→ **WORK ITEM**:
Copy each line of the entries below that contains the string "with".

[SUPPLIED INFORMATION — start]

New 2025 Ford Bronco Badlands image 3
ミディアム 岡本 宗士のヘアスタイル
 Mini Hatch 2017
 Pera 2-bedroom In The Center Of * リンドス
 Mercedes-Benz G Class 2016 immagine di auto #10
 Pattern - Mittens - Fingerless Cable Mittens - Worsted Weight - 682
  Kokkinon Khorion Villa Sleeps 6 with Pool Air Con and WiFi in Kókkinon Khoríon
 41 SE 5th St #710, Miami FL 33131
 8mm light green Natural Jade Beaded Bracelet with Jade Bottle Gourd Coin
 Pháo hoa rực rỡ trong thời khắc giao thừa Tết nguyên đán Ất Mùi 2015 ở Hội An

[SUPPLIED INFORMATION — finish]

→ **OUTPUT OF THE TASK**:
  Kokkinon Khorion Villa Sleeps 6 with Pool Air Con and WiFi in Kókkinon Khoríon
 8mm light green Natural Jade Beaded Bracelet with Jade Bottle Gourd Coin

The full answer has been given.